Remember when bowling alleys were bowling alleys? For a while they called them "bowling establishments" to make them sound classier, but they were still noisy, smoke filled places with cold beer and good hot dogs. Next came the "bowling lanes" movement. That lasted for quite a while. Now we have ...(drum roll please)...
... Family Fun Centers!
Venture Lanes, er I mean Venture Family Fun Center in Jefferson used to have great hot dogs. The food concession was run by a man whose mother made the chili and slaw at home. Since he had the food concession at both Venture and Boulevard Lanes (the latter of which, by the way, is now nothing but a very flat piece of real estate) you could be assured of a quality dog at either place.
Not any more. I present to you, the jury, the final piece of evidence that it is no longer possible to get a decent hot dog in these once proud colonades of culinary delight. The Venture Family Fun Center's hot dogs are nearly carbon copies of the mediocre offerings from Galaxy Lanes. Yuck.
I am beginning to formulate a theory regarding second-hand smoke and hot dogs. Once upon a time bowling alleys were filled with smoke and they had great hot dogs. Now they are smoke free and the dogs are crummy. Two of the best hot dogs I've had recently have come from places I can barely stand to walk into for the smoke. Hmmm.
Saturday, April 29, 2006
Wednesday, April 26, 2006
The next chapter in the Great Bowling Alley WVHD Search took me to Nitro to check on the dogs at Towne & Country Lanes. Would my hot dog hopes be dashed? Or would I find a glimmer of promise embedded there between the chili and the slaw?
First, a little historical perspective: Towne & Country Lanes was the first bowling alley in the area to have electronic scoring. Except for an occassional tournament my mother never bowled there so my exposure to this particular establishment came only after I had reached my 18th birthday and was somewhat independantly mobile. Many of my high school friends liked to bowl there simply because they didn't know how to keep score otherwise. Having nearly been born in a bowling alley, I literally knew how to keep score before I could multiply or divide so I found it quaint that my friends were so challenged.
But I digress: The first thing I remember about Towne & Country's hot dogs is that they were four for a dollar. Quite a bargain, and teenage boys usually are much less concerned with quality than the volume/cost ratio, so I thought they were great. Forty-something boys, however, are a little more picky about taste and much more interested in the flavor/calorie ratio.
Well, first off let me report that the dogs are no longer four for a buck. Secondly, I will say that I can't use these hot dogs as proof-positive that all bowling alley dogs are bad. They are okay. Not great - on par with those at Dunbar Bowling Center, but much better than Galaxy Lanes.
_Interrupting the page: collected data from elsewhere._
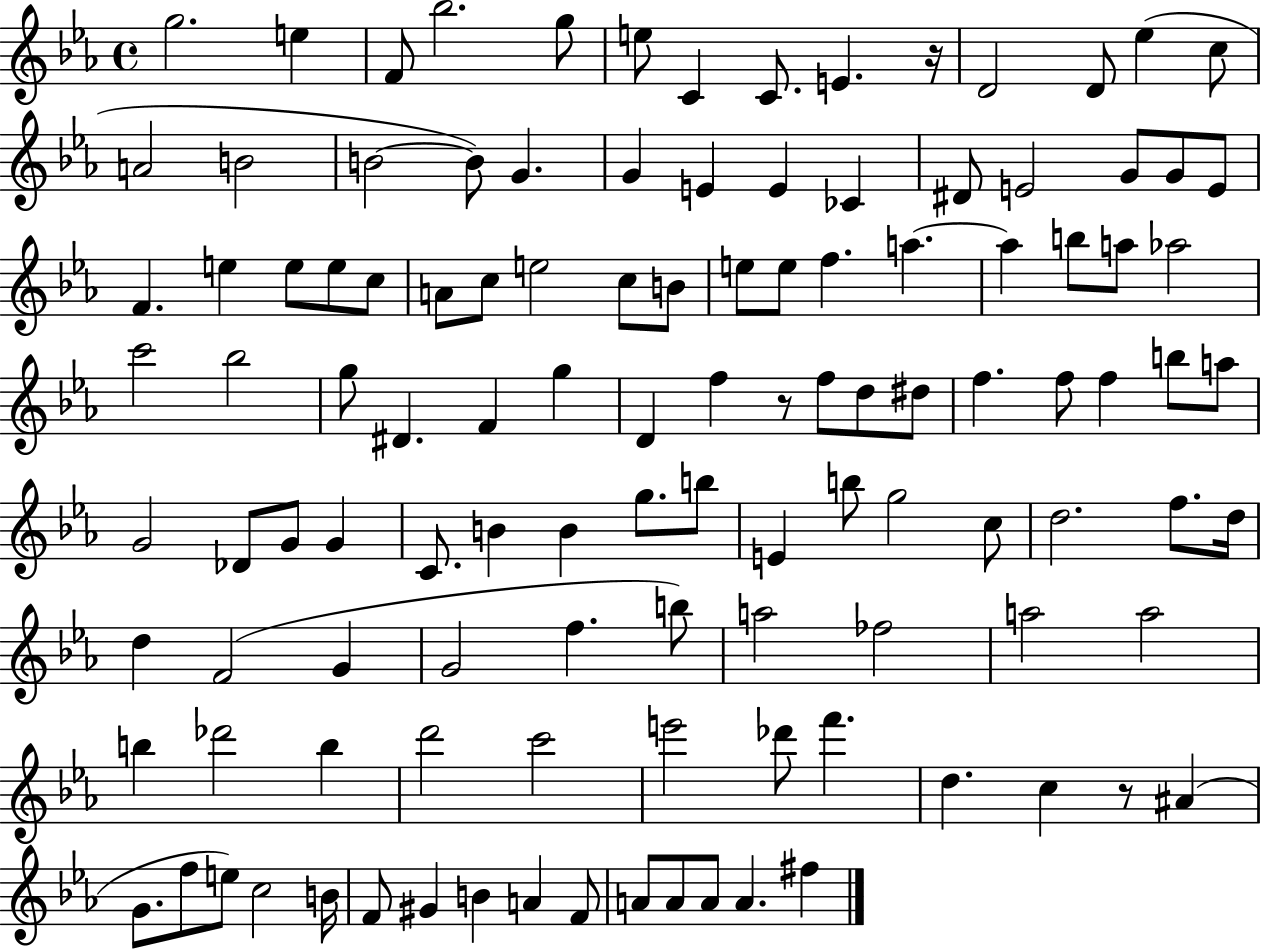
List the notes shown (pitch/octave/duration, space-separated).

G5/h. E5/q F4/e Bb5/h. G5/e E5/e C4/q C4/e. E4/q. R/s D4/h D4/e Eb5/q C5/e A4/h B4/h B4/h B4/e G4/q. G4/q E4/q E4/q CES4/q D#4/e E4/h G4/e G4/e E4/e F4/q. E5/q E5/e E5/e C5/e A4/e C5/e E5/h C5/e B4/e E5/e E5/e F5/q. A5/q. A5/q B5/e A5/e Ab5/h C6/h Bb5/h G5/e D#4/q. F4/q G5/q D4/q F5/q R/e F5/e D5/e D#5/e F5/q. F5/e F5/q B5/e A5/e G4/h Db4/e G4/e G4/q C4/e. B4/q B4/q G5/e. B5/e E4/q B5/e G5/h C5/e D5/h. F5/e. D5/s D5/q F4/h G4/q G4/h F5/q. B5/e A5/h FES5/h A5/h A5/h B5/q Db6/h B5/q D6/h C6/h E6/h Db6/e F6/q. D5/q. C5/q R/e A#4/q G4/e. F5/e E5/e C5/h B4/s F4/e G#4/q B4/q A4/q F4/e A4/e A4/e A4/e A4/q. F#5/q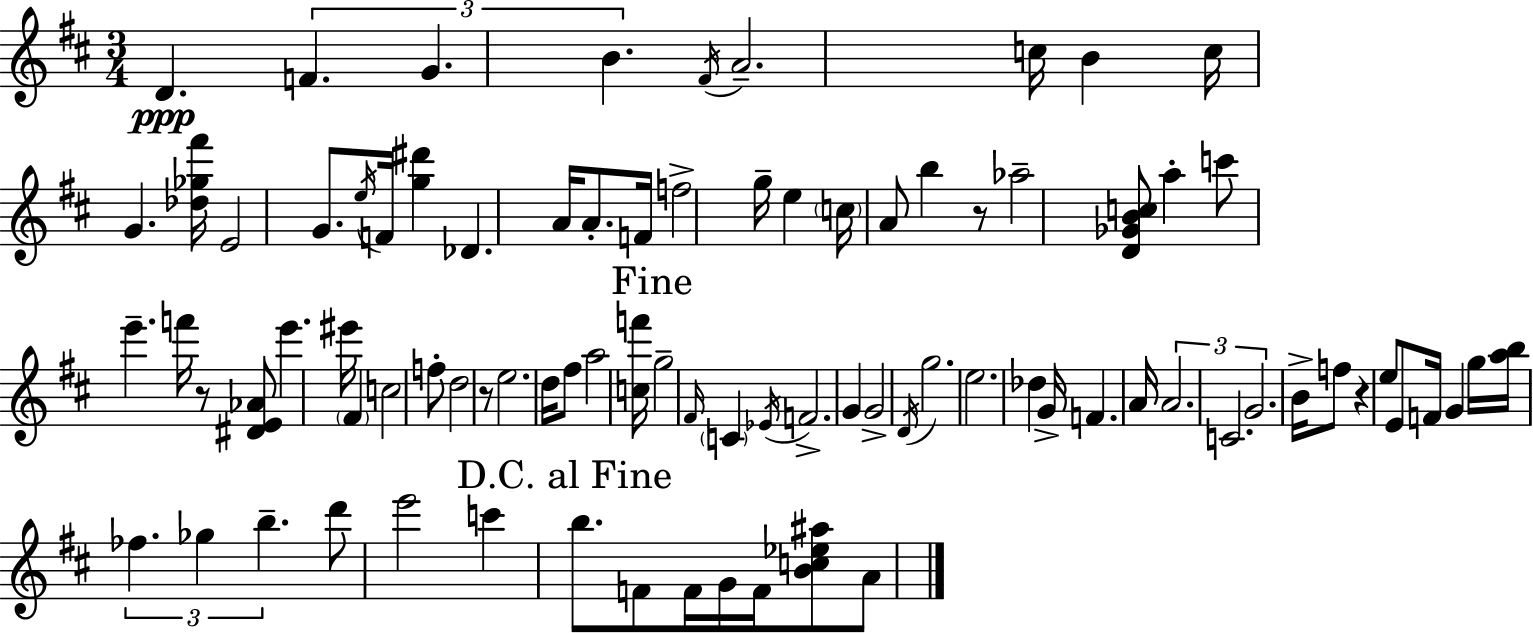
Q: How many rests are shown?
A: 4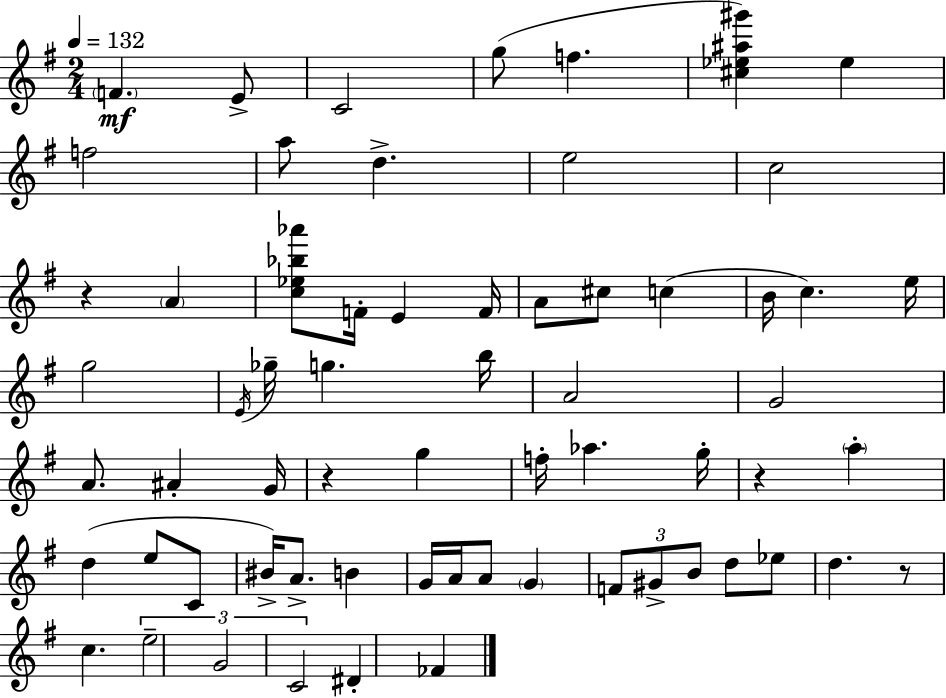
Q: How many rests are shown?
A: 4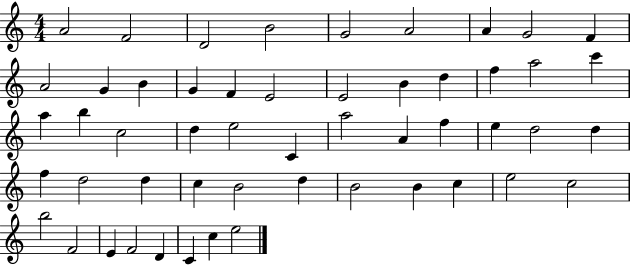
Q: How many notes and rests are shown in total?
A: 52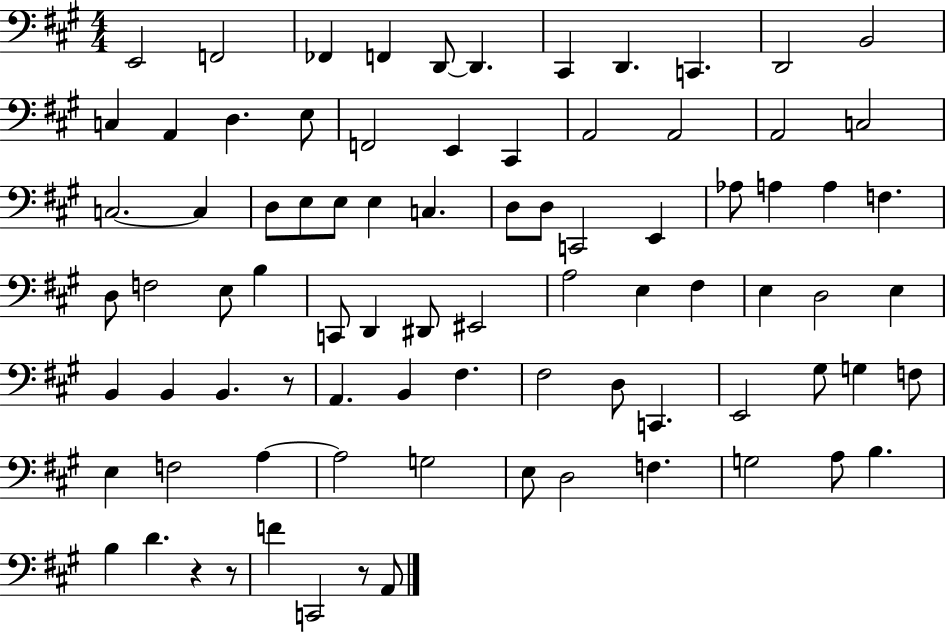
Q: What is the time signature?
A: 4/4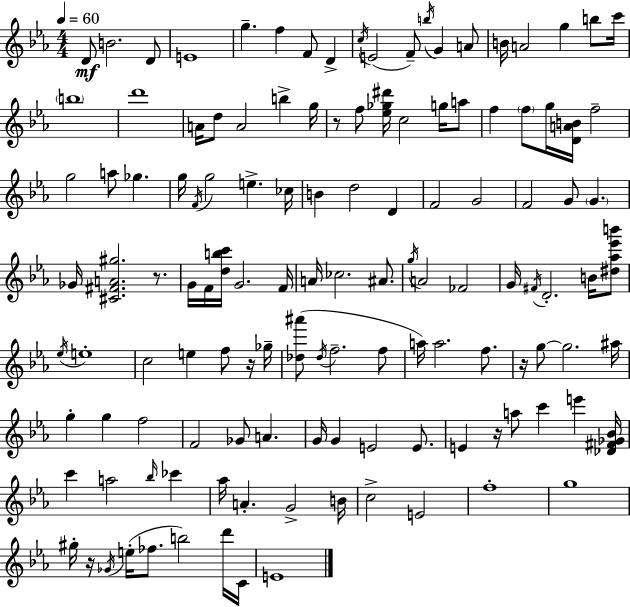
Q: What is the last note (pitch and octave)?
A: E4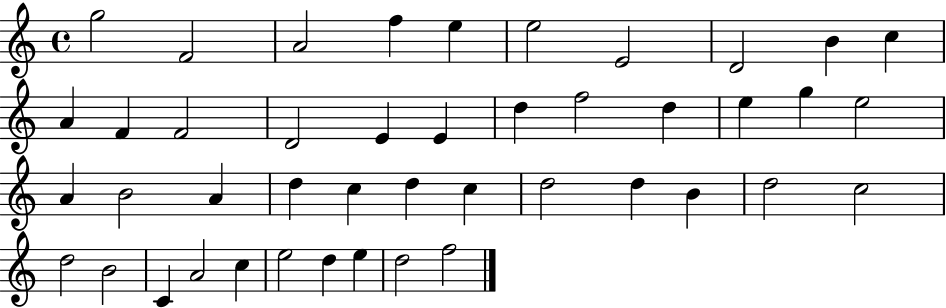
{
  \clef treble
  \time 4/4
  \defaultTimeSignature
  \key c \major
  g''2 f'2 | a'2 f''4 e''4 | e''2 e'2 | d'2 b'4 c''4 | \break a'4 f'4 f'2 | d'2 e'4 e'4 | d''4 f''2 d''4 | e''4 g''4 e''2 | \break a'4 b'2 a'4 | d''4 c''4 d''4 c''4 | d''2 d''4 b'4 | d''2 c''2 | \break d''2 b'2 | c'4 a'2 c''4 | e''2 d''4 e''4 | d''2 f''2 | \break \bar "|."
}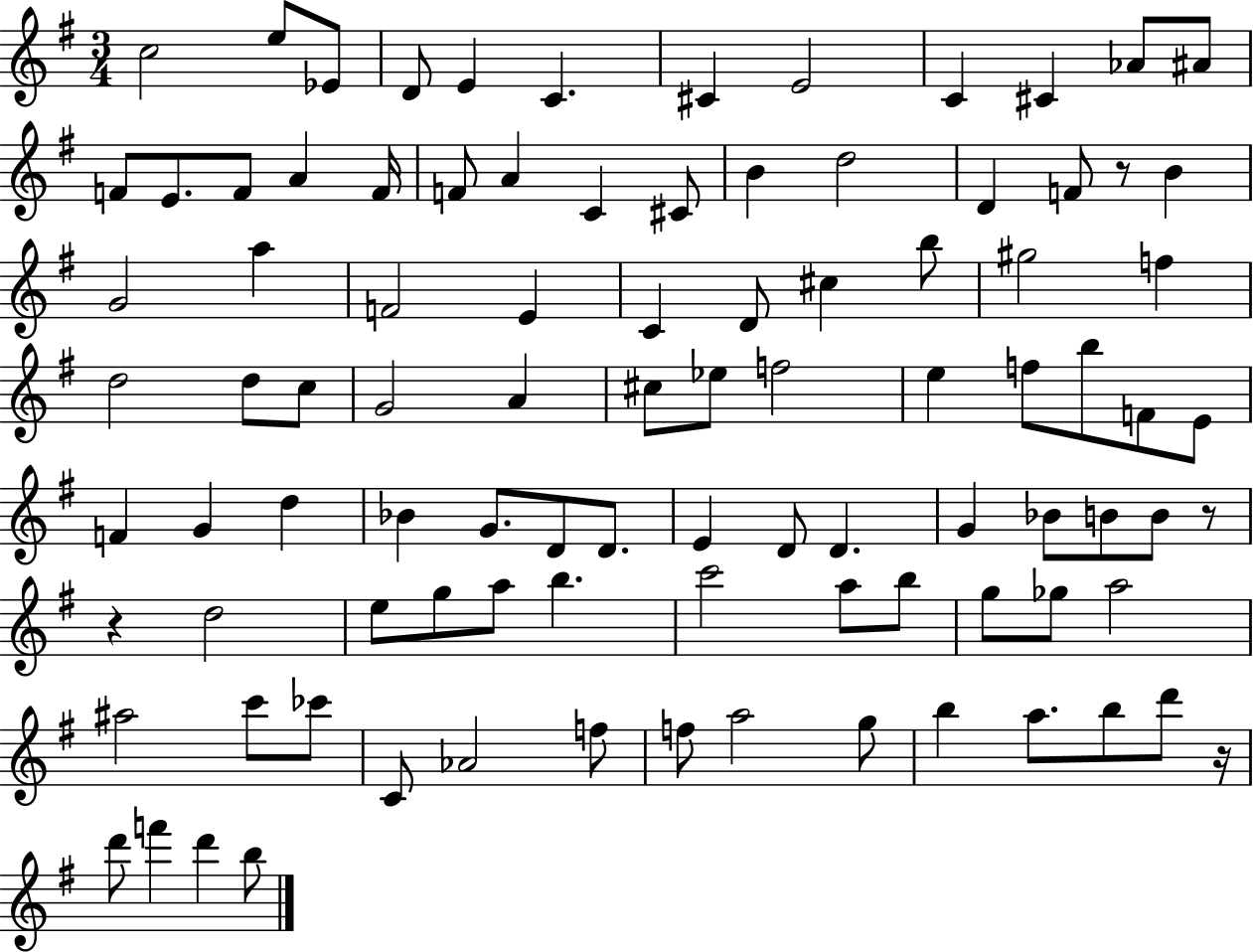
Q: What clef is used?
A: treble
The slaw is actually pretty good. Seems to to be home made - or at least bowling alley made. The chili was mediocre. Everything included chili, slaw, mustard and onions. My "to go" dog was packaged in a wax paper sleeve instead of a hot dog coffin (props to Jackie Lantern for the term).
Only one more bowling alley to go. Let's keep our fingers crossed.
Posted by Stanton at 7:00 PM
Monday, April 24, 2006
It was a beautiful springtime Saturday afternoon and I was craving ramps. I knew there would be a roadside stand in upper Kanawha City selling the delicious little leeks so I headed out to grab some in time to cook up a mess for dinner. Once I had procured my produce and since it was near lunch time I thought I should check out the hot dog offerings at nearby Galaxy Lanes. A few years ago I had an excellent "yellow slaw" dog there but they have remodeled and have new management so I wondered if they still were serving quality WVHD's.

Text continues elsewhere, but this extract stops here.